───── Excerpted records ─────
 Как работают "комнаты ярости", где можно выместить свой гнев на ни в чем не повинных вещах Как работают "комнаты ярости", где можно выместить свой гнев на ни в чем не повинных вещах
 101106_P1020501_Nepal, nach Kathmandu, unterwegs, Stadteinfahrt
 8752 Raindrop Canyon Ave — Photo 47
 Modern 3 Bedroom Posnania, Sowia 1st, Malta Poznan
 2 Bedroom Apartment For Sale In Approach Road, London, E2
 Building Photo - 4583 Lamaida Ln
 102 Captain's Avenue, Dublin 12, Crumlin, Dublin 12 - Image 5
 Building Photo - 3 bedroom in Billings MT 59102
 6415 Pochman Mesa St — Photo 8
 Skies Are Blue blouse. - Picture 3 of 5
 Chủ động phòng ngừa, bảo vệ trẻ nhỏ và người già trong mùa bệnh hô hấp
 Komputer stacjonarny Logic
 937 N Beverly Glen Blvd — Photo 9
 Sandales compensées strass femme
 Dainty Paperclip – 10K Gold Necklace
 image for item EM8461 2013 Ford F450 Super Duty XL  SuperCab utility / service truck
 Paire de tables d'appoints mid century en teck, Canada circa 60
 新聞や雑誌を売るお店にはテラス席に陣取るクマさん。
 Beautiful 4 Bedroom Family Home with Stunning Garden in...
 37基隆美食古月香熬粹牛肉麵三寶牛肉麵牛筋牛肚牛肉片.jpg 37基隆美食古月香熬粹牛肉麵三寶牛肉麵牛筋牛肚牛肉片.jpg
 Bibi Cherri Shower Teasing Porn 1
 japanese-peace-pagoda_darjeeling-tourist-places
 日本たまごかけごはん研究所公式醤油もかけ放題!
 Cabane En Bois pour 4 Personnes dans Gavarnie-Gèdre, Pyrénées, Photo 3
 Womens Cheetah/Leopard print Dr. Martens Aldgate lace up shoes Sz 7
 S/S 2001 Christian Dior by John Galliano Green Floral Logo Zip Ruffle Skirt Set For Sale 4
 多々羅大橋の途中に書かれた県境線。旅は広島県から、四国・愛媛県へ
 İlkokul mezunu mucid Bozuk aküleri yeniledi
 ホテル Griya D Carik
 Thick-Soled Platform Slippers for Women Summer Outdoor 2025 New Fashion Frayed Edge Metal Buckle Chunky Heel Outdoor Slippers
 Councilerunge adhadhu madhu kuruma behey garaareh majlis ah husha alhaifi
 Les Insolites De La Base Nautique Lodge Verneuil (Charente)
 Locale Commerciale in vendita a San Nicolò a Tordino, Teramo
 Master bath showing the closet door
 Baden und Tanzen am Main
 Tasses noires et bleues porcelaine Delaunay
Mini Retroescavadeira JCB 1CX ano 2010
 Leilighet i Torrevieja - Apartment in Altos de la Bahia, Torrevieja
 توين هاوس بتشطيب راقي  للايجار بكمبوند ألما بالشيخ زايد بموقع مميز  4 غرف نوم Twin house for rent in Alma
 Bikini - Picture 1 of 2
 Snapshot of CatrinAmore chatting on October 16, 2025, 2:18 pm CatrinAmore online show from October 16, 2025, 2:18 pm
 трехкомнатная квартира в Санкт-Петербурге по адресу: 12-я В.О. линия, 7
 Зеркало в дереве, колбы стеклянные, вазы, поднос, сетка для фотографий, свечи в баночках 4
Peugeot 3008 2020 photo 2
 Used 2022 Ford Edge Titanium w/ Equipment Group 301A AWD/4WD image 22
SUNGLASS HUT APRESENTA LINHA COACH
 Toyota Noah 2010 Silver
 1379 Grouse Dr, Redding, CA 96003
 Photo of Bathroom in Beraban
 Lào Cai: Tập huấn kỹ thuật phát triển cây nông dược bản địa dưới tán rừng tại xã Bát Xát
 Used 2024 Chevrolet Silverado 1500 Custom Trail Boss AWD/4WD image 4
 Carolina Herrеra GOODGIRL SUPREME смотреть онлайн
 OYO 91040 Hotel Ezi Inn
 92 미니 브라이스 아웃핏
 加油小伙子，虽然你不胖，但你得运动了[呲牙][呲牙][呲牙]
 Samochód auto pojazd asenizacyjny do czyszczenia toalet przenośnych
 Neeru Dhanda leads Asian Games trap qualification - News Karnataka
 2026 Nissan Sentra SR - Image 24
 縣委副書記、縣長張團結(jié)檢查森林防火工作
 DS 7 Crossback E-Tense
─────
Begin at the line that has "1379 Grouse Dr, Redding, CA 96003" in the entries above; stop after the line that has "Used 2024 Chevrolet". Transcribe exactly those lines and no others.

 1379 Grouse Dr, Redding, CA 96003
 Photo of Bathroom in Beraban
 Lào Cai: Tập huấn kỹ thuật phát triển cây nông dược bản địa dưới tán rừng tại xã Bát Xát
 Used 2024 Chevrolet Silverado 1500 Custom Trail Boss AWD/4WD image 4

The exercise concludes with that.